→ WORK INSTRUCTIONS: Once you have read the records below, restate them word for word.

[Records excerpted from a collection]
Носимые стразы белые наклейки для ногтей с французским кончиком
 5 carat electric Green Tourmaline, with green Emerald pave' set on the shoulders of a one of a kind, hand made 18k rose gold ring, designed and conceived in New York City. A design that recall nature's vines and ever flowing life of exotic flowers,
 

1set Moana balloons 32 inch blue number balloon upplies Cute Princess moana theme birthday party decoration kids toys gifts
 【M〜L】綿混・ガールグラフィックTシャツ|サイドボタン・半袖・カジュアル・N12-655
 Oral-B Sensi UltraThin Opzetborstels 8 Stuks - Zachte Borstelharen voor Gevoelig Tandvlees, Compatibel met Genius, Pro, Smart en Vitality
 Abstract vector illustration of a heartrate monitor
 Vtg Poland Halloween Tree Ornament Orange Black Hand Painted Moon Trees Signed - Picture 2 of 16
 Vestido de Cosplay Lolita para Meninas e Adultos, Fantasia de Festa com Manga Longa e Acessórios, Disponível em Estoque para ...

→ FINISHED TASK:
Носимые стразы белые наклейки для ногтей с французским кончиком
 5 carat electric Green Tourmaline, with green Emerald pave' set on the shoulders of a one of a kind, hand made 18k rose gold ring, designed and conceived in New York City. A design that recall nature's vines and ever flowing life of exotic flowers,
 

1set Moana balloons 32 inch blue number balloon upplies Cute Princess moana theme birthday party decoration kids toys gifts
 【M〜L】綿混・ガールグラフィックTシャツ|サイドボタン・半袖・カジュアル・N12-655
 Oral-B Sensi UltraThin Opzetborstels 8 Stuks - Zachte Borstelharen voor Gevoelig Tandvlees, Compatibel met Genius, Pro, Smart en Vitality
 Abstract vector illustration of a heartrate monitor
 Vtg Poland Halloween Tree Ornament Orange Black Hand Painted Moon Trees Signed - Picture 2 of 16
 Vestido de Cosplay Lolita para Meninas e Adultos, Fantasia de Festa com Manga Longa e Acessórios, Disponível em Estoque para ...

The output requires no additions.